Re: [sqlalchemy] session.expire{,_all}_unmodified for dropping objects that are unchanged?!

Mike Bayer Wed, 17 Jan 2018 14:23:33 -0800

On Wed, Jan 17, 2018 at 11:06 AM, Torsten Landschoff
<torsten.landsch...@dynamore.de> wrote:
> Hello world,
>
> tl;dr: I would like to have the ability to expire objects from the session
> but only if they aren't new/dirty/deleted.
>
> Have a look at this example code:
>
> import random
>
> from sqlalchemy import Column, Integer, String, ForeignKey, create_engine
> from sqlalchemy.orm import relationship, backref, sessionmaker
> from sqlalchemy.ext.declarative import declarative_base
>
> Base = declarative_base()
>
> lorem_ipsum = """Lorem ipsum dolor sit amet, consectetur [...]""" * 42
>
> class Change(Base):
>     __tablename__ = "change"
>     id = Column(Integer, primary_key=True)
>     predecessor_id = Column(Integer, ForeignKey("change.id"))
>     comment = Column(String)
>
>     predecessor = relationship("Change", foreign_keys=[predecessor_id],
> uselist=False)
>
>     def __repr__(self):
>         return "<{0} #{1}: {2}>".format(self.__class__.__name__, self.id,
> self.comment)
>
> engine = create_engine("sqlite:///demo.db", echo=False)
> Base.metadata.create_all(engine)
>
> session = sessionmaker(engine)()
>
> current_change = Change(comment="Initial commit")
> session.add(current_change)
>
> for batch in range(42):
>     for x in range(1000):
>         current_change = Change(
>             predecessor=current_change,
>             comment="Squashed bug #{0}\n\n{1}".format(
>             random.randrange(0, 1000000), lorem_ipsum)
>         )
>         session.add(current_change)
>     session.flush()
>
> session.commit()
>
> Running this (with the complete lorem ipsum text) on my machine, I get this:
>
> $ ulimit -v 1024000
> $ python safe_expire.py
> Traceback (most recent call last):
>   File "safe_expire.py", line 61, in <module>
>     random.randrange(0, 1000000), lorem_ipsum)
> MemoryError
>
>
> Quite obviously the problem here is that all the mapped objects are kept in
> memory even after being flushed (and before being committed).
> This is just a contrived example to show the effect I had in our application
> which (among other things) implements a DVCS on top of SQLAlchemy (on top of
> a DB).
>
> Our real life use it not as simple, basically incoming objects are inserted
> into the database bottom up (in SQL insertion order, because of foreign key
> constraints).
> For performance reasons the code processes incoming changes in batches and
> tries to keep the objects relevant for relationships and sanity checking in
> the database session - for us, session.expire_on_commit is set to False.
>
> During the batch operation the code would run out of memory, because nothing
> is expired automatically.
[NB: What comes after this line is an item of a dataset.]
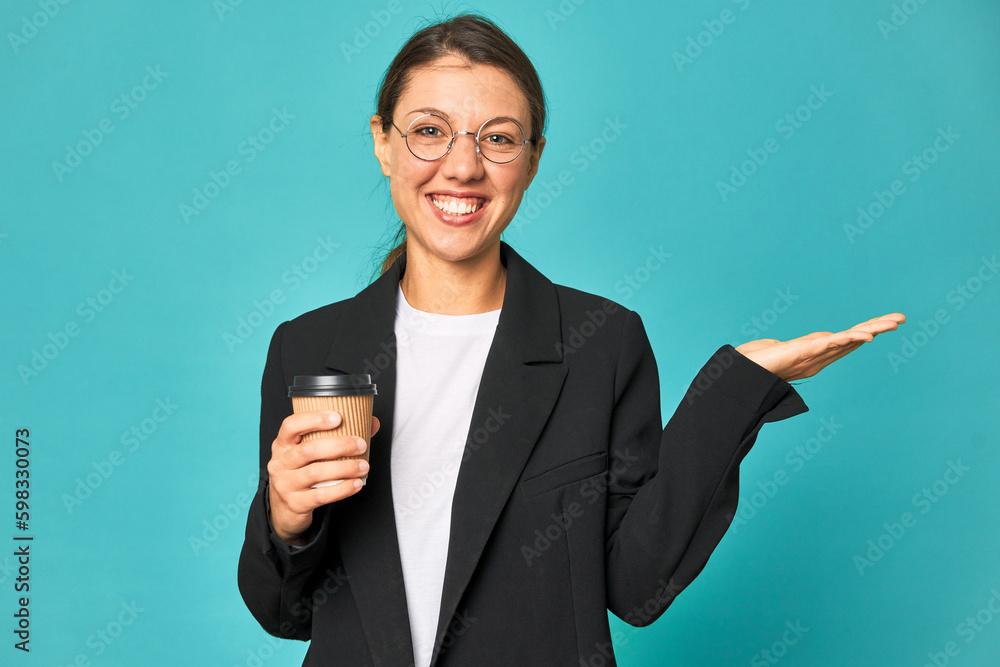 A young caucasian business woman holds a takeaway coffee showing a copy space on a palm and holding another hand on waist. A young caucasian business woman holds a takeaway coffee showing a copy space on a palm and holding another hand on waist.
This was a surprise to me, because the session
> only keeps a weak reference its mapped objects. It seems like the
> relationships between objects keep them alive. As updates are processed
> bottom up this basically means that no mapped objects are ever dropped.
>
> This is easy to fix by manually expiring old entries from the session, like
> this:
>
> diff --git a/baseline.py b/baseline.py
> index 44e1b7a..df4eb24 100644
> --- a/baseline.py
> +++ b/baseline.py
> @@ -50,7 +50,9 @@ current_change = Change(comment="Initial commit")
>  session.add(current_change)
>
>  for batch in range(42):
> +    old_entries = []
>      for x in range(1000):
> +        old_entries.append(current_change)
>          current_change = Change(
>              predecessor=current_change,
>              comment="Squashed bug #{0}\n\n{1}".format(
> @@ -59,4 +61,7 @@ for batch in range(42):
>          session.add(current_change)
>      session.flush()
>
> +    for entry in old_entries:
> +        session.expire(entry)
> +
>  session.commit()
>
>
> So this is what I did.


this is overkill.  Here's what your code looks like without an ORM:

class Link(object):
    def __init__(self, previous=None):
        self.previous = previous


current_link = Link()
print("Current link!  %s" % current_link)

for batch in range(42):
    for x in range(1000):
        current_link = Link(current_link)
        print("Current link!  %s" % current_link)


This code has the exact same problem, without any expire() or anything
like that.    So if you were say writing these objects to a file or
something like that, how would you deal with this loop building up an
enormous chain of un-collectable Link objects?  If it were me, I'd
simply do this:

for batch in range(42):
    for x in range(1000):
        current_link = Link(current_link)
        print("Current link!  %s" % current_link)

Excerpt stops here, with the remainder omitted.